Tuesday, 24 January 2012

Locking Or Versioning ?

We are looking at database related to concurrent use and how it provides high performance and throughout put with better data security.

This collection give u a good idea related to it.

In RDBMS systems there are mainly to different ways of solving this issue:

  • Data locking
  • Versioning

Data locking

Locking of data has been SQL Server's preferred way of handling concurrency. While, for example, an update statement executes against some data, that data is being locked and no one else can read it (based upon isolation levels). Then, dependent upon how much data that is affected, SQL Server can decide to use a row-lock, page lock or table lock.

Above, I mentioned isolation levels. The isolation level determines how long a read lock is being held (in SQL Server a write lock is always being held to the end of the transaction). The default isolation level in SQL Server is Read Committed: a read operation can only read committed data. If data is being updated while you read, that data is being locked and you won't be able to view the data until the transaction that updates the data has committed (or rolled back).

BEGIN

            BEGIN TRY

                        BEGIN TRAN

            <.....>

                        COMMIT TRAN

            END TRY

            BEGIN CATCH

                    <.....>

                ROLLBACK TRAN   

            END CATCH

END

From a concurrency standpoint this is very good, you are ensured that you can only read correct data. From a throughput perspective it is not that good because your read operation won't return until the write locks has been released.

In order to enhance the throughput other database vendors are using versioning instead of locking.

Data Versioning

In a system using versioning, data is not being locked but instead read operations happen against an older version of the data being manipulated. It is important to notice that the read operation happens against an earlier committed version of the data, we are not reading uncommitted data. Dependent upon isolation levels, the read operation then either read the latest committed data or the data as it was when the read operation started.

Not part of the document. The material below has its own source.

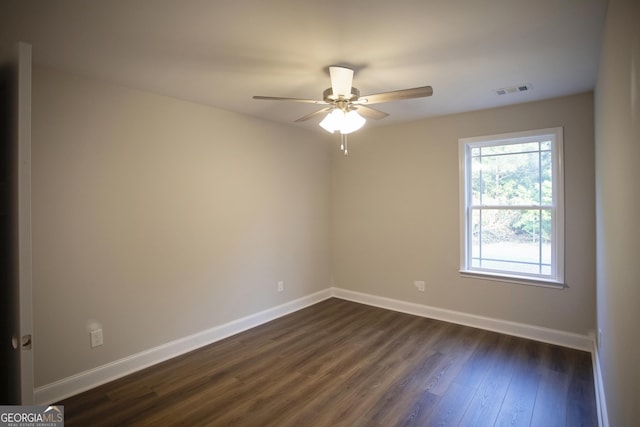 331 Red Berry Rd, Jackson, GA 30233 - spare room with dark wood-type flooring and a ceiling fan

Using versioning seems like the ideal solution; we can always read data (no locking), and we are always reading committed data! Yes, that is absolutely true. However, versioning doesn't come without a cost. First of all, when an update operation takes place against the data, the data being touched is copied to a separate storage area. This incurs a performance penalty, but also be aware of the impact of volume of data being copied; ie, do not use versioning if you are doing large batch updates. Read operations will also incur a performance penalty as you potentially have to read through different versions of the data.

For developers used to database servers using versioning, SQL Server's locking may seem like a step back. In SQL Server 2005 therefore, Microsoft has included the ability to use versioning in addition to locking!

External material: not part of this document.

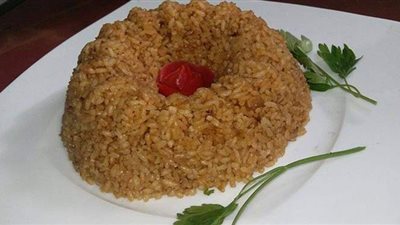 طريقة عمل أرز السمك البني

Versioning in SQL Server 2005 is implemented as two new isolation levels:

  • Read Committed Snapshot (READ_COMMITTED_SNAPSHOT)
  • Transaction Isolation Level Snapshot (ALLOW_ISOLATION_LEVEL_SNAPSHOT)

The difference between these two isolation levels is how reads are handled inside the same transaction. For example, if you have a piece of T-SQL code looking like so:



BEGIN TRAN

SELECT * FROM authors WHERE au_id = '111-111-1111';

--do some other work Update Work

--now

 SELECT * FROM authors 

 SELECT * FROM authors WHERE au_id = '111-111-1111';

COMMIT TRAN

 

...and in between the first and second read from authors, the record we're reading have been updated, the behavior would be different.

 

 For read committed snapshot you would see the last committed value,

Whereas for transaction isolation level snapshot the value would be as it was for the first read.

Having seen an example of this, the question is how do we enable these new isolation levels (they are no on by default)?

 You are enabling them on a database by database level, and you do it through the ALTER DATABASE syntax.

Read committed snapshot is enabled like so:


use master;

go

ALTER DATABASE pubs

SET READ_COMMITTED_SNAPSHOT ON

Enabling read commited snapshot replaces the default read committed isolation level with read committed snapshot, so in order to use it you do not have to do anything in particular after having enabled it.

Transaction isolation level snapshot is enabled like this:

use master;

go

ALTER DATABASE pubs

SET ALLOW_ISOLATION_LEVEL_SNAPSHOT ON

As opposed to read committed snapshot transaction isolation level snapshot has to be explicitly enabled for the session or statement where you want to use it. The following code snippet shows how to enable it:

SET TRANSACTION ISOLATION LEVEL SNAPSHOT

BEGIN TRAN

SELECT * FROM authors WHERE au_id = '111-111-1111';

--do some other work --now select from authors again select * from authors where au_id = '111-111-1111';

COMMIT TRAN

Versioning in SQL Server 2005 gives the application developer new means to create applications with great throughput for read operations. It also gives SQL Server the same capabilities that competing database systems have had for quite a while.

Be aware, however, that versioning doesn't come without a cost. When enabling versioning in a database and, for example, updating records, the whole record will be copied to TempDb (which is where the version store is) plus an additional 14 bytes. In addition to increased size of TempDb read operations will also be slower, as it has to read against TempDb and potentially through quite a few versions unti it finds the version of the record it wants.